Foto: Silvino Garcia/diariocde.com

 O bloqueio da Ponte da Amizade foi determinado pelo prefeito de Ciudad del Este, que também ordenou o fechamento do comércio.

O lado paraguaio da Ponte Internacional da Amizade, fronteira entre o Brasil e o Paraguai, está fechado desde as 6h da manhã de ontem. A determinação partiu do prefeito de Ciudad del Este, Ernesto Zacarías Irún, e já estava definida desde a última sexta-feira, numa reunião que decidiu pela ida de uma comitiva paraguaia a Brasília para tentar uma solução ao impasse. Uma ameaça brasileira de reduzir a cota de importação de US$ 300 para US$ 150 também colaborou para o fechamento.

Vinte homens da Polícia Federal (PF) fazem a segurança do lado brasileiro da ponte. Os brasileiros estão sendo aconselhados a não realizar a travessia, pois o lado paraguaio está fechado. Segundo a PF, há a informação de que brasileiros estariam sendo agredidos no país vizinho e, portanto, a orientação é para não entrar no Paraguai. Na quinta, 16, várias pessoas ficaram feridas e seis acabaram detidas após um confronto com os agentes dos órgãos de segurança.

O comércio de Ciudad del Este também amanheceu fechado por determinação da prefeitura. O prefeito afirma que a passagem só será liberada após uma reunião em Brasília, marcada para hoje. O encontro terá representantes do Ministério das Relações Exteriores do Brasil e uma delegação paraguaia liderada pelo vice-chanceler, Emilio Giménez. Também participarão do encontro o governador de Alto Paraná, Gustavo Cardozo, o prefeito de Ciudad del Este e representantes do setor comercial e importador da região.

Cota

A advertência para uma possível redução da cota de importação partiu do cônsul brasileiro em Foz do Iguaçu, Antonio Cruz de Mello, em um telefonema ao prefeito de Ciudad del Este. A informação foi reiterada pelo embaixador paraguaio no Brasil, Angel González Arias, no Itamaraty. A elevação da cota, na primeira metade do ano passado, teve como condição a ampliação do rigor no combate ao contrabando e pirataria de mercadorias no lado paraguaio o que, segundo a Receita Federal, não está acontecendo.

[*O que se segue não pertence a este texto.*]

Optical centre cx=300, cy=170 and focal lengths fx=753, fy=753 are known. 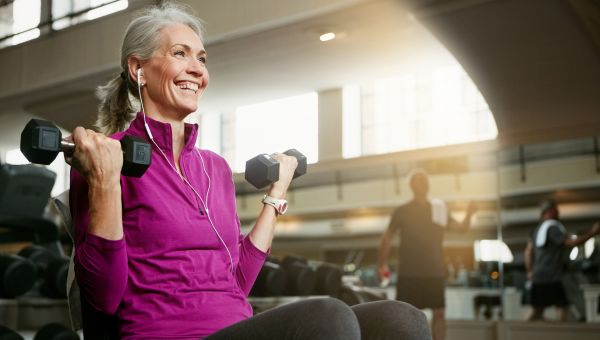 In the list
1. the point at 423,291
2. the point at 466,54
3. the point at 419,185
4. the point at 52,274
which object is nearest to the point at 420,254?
the point at 423,291

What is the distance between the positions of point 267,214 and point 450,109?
5.13 metres

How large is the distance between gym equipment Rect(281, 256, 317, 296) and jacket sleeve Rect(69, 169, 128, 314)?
12.5 feet

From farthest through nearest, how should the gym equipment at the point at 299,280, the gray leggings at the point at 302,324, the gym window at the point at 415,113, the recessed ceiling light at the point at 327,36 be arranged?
1. the gym window at the point at 415,113
2. the recessed ceiling light at the point at 327,36
3. the gym equipment at the point at 299,280
4. the gray leggings at the point at 302,324

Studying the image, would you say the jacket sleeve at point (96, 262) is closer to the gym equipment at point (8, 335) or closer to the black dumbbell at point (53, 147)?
the black dumbbell at point (53, 147)

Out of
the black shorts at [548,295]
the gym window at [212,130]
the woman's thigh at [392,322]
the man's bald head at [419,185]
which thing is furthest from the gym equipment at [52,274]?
the gym window at [212,130]

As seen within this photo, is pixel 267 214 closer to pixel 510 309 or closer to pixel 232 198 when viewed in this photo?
pixel 232 198

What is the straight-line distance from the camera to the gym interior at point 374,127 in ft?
14.9

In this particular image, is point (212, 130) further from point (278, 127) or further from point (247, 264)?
point (247, 264)

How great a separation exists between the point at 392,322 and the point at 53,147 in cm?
57

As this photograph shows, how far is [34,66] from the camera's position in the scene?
761 cm

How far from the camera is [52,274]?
12.7ft

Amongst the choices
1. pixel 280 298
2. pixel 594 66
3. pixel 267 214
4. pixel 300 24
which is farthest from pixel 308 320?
pixel 300 24

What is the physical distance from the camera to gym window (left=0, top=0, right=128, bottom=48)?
7203mm

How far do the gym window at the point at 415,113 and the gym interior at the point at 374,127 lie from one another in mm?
16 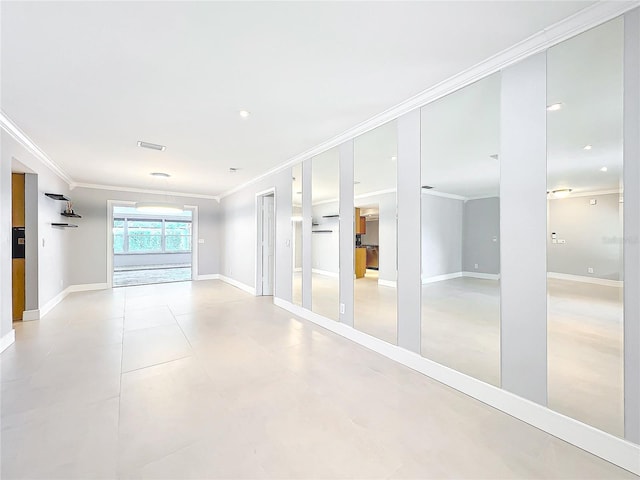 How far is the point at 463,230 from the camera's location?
2.57 meters

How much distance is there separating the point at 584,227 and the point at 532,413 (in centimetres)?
129

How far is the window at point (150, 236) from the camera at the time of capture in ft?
41.0

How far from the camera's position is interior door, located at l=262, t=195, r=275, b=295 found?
6020 millimetres

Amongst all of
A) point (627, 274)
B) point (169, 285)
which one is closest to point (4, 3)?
point (627, 274)

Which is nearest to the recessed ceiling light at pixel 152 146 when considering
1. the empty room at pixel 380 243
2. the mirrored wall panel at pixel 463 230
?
the empty room at pixel 380 243

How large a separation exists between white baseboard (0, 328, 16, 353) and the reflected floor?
4.46 metres

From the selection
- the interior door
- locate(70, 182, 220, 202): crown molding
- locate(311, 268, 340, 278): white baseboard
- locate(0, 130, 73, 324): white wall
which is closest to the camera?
locate(0, 130, 73, 324): white wall

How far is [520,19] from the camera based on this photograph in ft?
5.51

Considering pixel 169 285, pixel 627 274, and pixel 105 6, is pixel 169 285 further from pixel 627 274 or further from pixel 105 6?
pixel 627 274

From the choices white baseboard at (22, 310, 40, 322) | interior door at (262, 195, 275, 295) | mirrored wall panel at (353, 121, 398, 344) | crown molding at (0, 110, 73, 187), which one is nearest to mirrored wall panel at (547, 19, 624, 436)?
mirrored wall panel at (353, 121, 398, 344)

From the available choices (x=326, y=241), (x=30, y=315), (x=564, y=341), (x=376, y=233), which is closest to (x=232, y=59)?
(x=376, y=233)

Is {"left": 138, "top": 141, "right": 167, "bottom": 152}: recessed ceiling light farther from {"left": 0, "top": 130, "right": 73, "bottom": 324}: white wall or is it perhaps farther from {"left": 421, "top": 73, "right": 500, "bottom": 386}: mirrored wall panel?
{"left": 421, "top": 73, "right": 500, "bottom": 386}: mirrored wall panel

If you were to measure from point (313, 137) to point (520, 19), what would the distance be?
2.37 metres

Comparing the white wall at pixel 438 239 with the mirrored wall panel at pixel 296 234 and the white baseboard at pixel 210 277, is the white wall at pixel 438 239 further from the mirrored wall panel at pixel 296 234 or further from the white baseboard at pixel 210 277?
the white baseboard at pixel 210 277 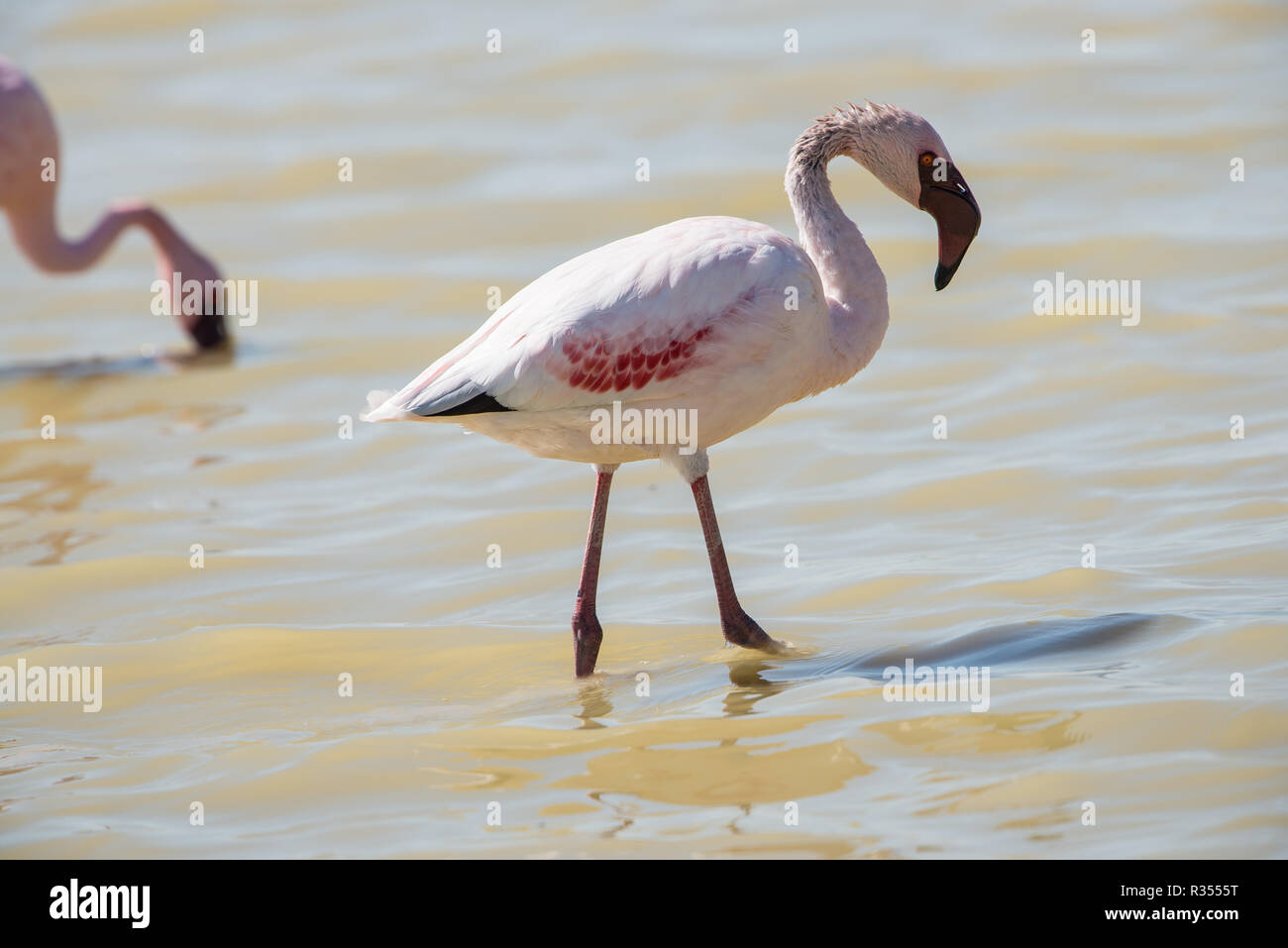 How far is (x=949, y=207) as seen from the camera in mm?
7336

O secretário de Turismo de Ciudad del Este, Mauro Céspedes, discorda. Para ele, nos últimos meses, o país conseguiu reduzir cerca de 90% do contrabando bilateral de armas, maconha e tabaco.

O prefeito de Ciudad del Este disse que as empresas de turismo e de transporte de mercadorias de ambos países foram informadas do fechamento da ponte para evitar transtorno aos visitantes e a concentração de caminhões, principalmente os carregados com produtos agrícolas. Segundo Irún, "as perdas comerciais serão enormes se não houver acordo".

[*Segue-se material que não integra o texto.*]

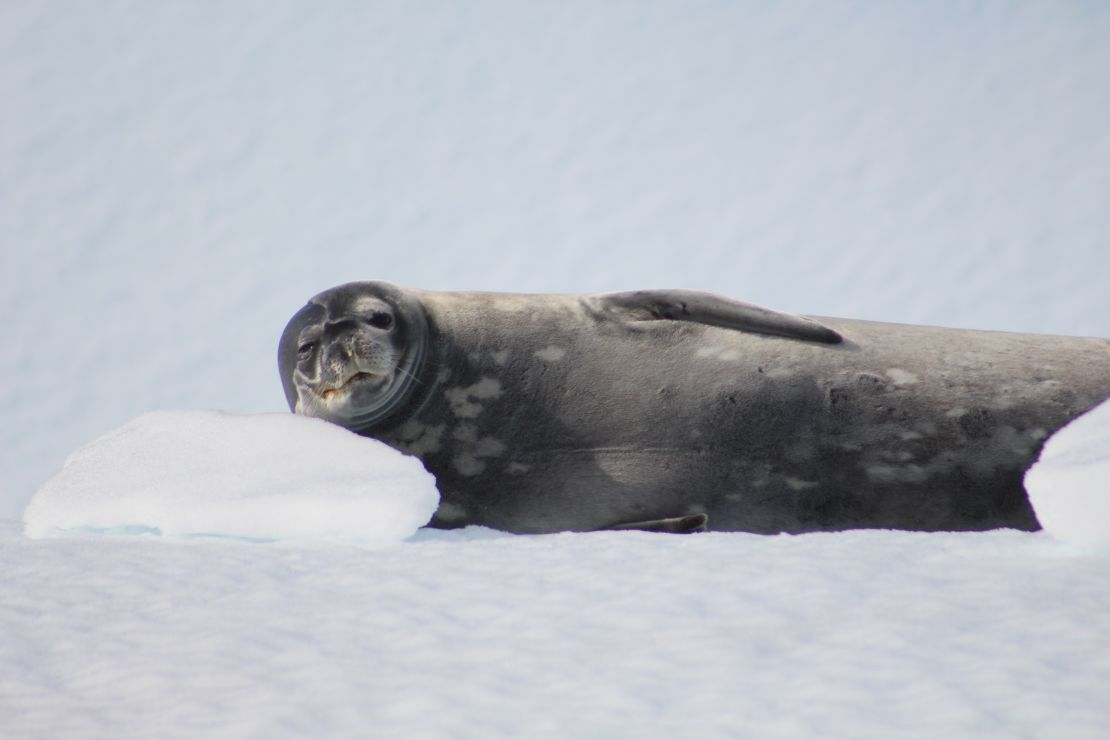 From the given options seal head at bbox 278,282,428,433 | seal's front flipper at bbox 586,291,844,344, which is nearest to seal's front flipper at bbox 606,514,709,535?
seal's front flipper at bbox 586,291,844,344

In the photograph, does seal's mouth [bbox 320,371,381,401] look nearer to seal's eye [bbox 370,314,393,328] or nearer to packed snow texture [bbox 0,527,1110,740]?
seal's eye [bbox 370,314,393,328]

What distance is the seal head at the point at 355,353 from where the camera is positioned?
3141 millimetres

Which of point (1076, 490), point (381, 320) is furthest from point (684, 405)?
point (1076, 490)

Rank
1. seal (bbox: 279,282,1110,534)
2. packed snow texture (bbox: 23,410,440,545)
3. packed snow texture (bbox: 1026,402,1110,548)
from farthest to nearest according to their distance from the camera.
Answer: seal (bbox: 279,282,1110,534) → packed snow texture (bbox: 23,410,440,545) → packed snow texture (bbox: 1026,402,1110,548)

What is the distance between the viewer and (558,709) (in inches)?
Answer: 54.9

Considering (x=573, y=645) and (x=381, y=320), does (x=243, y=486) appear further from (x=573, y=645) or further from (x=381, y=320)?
(x=573, y=645)

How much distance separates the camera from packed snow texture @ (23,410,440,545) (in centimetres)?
273

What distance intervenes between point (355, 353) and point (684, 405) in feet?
3.16

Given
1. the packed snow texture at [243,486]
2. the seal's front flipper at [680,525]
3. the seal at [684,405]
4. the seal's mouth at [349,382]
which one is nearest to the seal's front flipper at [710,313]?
the seal at [684,405]

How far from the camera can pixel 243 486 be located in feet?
9.26

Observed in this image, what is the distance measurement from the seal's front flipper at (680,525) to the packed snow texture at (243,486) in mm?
595

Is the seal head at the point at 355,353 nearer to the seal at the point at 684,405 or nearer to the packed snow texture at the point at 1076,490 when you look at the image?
the seal at the point at 684,405

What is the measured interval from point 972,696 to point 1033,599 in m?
0.45

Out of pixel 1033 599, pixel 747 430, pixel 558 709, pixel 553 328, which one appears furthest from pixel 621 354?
pixel 558 709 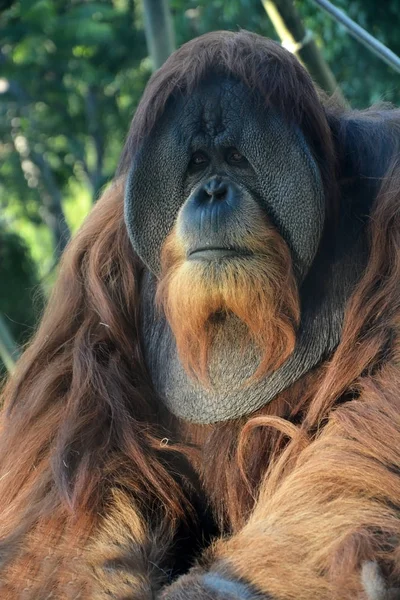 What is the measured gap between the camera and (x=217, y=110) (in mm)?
2355

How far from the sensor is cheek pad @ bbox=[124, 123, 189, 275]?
2.40m

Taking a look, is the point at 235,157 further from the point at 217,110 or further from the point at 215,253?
the point at 215,253

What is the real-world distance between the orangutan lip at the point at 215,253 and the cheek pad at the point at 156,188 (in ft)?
0.63

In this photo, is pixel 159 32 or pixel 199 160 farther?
pixel 159 32

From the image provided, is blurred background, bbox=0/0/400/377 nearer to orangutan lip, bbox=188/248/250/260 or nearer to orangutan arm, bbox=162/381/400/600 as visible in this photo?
orangutan lip, bbox=188/248/250/260

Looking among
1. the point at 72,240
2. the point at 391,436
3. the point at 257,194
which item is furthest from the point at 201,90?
the point at 391,436

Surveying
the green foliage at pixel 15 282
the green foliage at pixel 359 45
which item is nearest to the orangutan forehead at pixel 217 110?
the green foliage at pixel 359 45

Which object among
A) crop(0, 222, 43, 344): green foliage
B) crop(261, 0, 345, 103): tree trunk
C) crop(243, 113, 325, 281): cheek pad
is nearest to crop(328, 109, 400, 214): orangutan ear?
crop(243, 113, 325, 281): cheek pad

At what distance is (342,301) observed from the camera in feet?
7.66

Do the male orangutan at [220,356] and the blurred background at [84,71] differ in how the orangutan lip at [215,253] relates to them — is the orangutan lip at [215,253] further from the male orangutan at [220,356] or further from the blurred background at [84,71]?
the blurred background at [84,71]

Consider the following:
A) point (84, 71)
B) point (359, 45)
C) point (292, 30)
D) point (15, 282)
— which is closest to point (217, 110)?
point (292, 30)

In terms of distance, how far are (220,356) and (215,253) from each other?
0.29 m

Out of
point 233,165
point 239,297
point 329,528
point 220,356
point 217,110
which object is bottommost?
point 329,528

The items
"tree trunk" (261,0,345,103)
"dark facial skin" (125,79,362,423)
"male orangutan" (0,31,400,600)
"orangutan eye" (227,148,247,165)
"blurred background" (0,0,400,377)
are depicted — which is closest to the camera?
"male orangutan" (0,31,400,600) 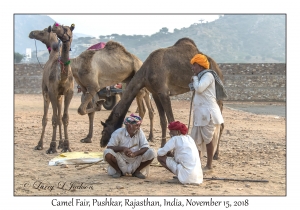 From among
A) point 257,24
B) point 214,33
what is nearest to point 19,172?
point 214,33

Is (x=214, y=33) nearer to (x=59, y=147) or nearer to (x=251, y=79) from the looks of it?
(x=251, y=79)

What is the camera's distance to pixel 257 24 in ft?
282

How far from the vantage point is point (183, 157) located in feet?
23.9

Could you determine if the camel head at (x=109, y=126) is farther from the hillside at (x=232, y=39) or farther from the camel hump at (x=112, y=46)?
the hillside at (x=232, y=39)

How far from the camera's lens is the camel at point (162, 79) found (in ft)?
31.7

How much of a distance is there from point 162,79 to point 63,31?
220 centimetres

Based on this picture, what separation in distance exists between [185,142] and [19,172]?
2886 millimetres

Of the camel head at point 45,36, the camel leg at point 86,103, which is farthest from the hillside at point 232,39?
the camel head at point 45,36

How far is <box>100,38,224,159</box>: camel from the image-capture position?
380 inches

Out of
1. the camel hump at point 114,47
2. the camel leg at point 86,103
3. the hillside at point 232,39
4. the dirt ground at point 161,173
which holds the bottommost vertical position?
the dirt ground at point 161,173

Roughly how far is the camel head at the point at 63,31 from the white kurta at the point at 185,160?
365 centimetres

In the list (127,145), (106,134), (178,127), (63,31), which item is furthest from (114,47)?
(178,127)

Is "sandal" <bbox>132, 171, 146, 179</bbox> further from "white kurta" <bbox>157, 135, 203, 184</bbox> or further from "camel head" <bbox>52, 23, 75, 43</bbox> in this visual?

Estima-se que cerca de 35 mil brasileiros façam compras todas as semanas em Ciudad del Este, onde trabalham cerca de 8 mil pessoas que residem em Foz do Iguaçu. Há três semanas foram iniciados os bloqueios à Ponte da Amizade devido à intensificação dos controles da Receita Federal do Brasil. Estes controles incluíram, pela primeira vez, o confisco dos táxis, moto-táxis e vans de Ciudad del Este que transportam os sacoleiros e suas compras.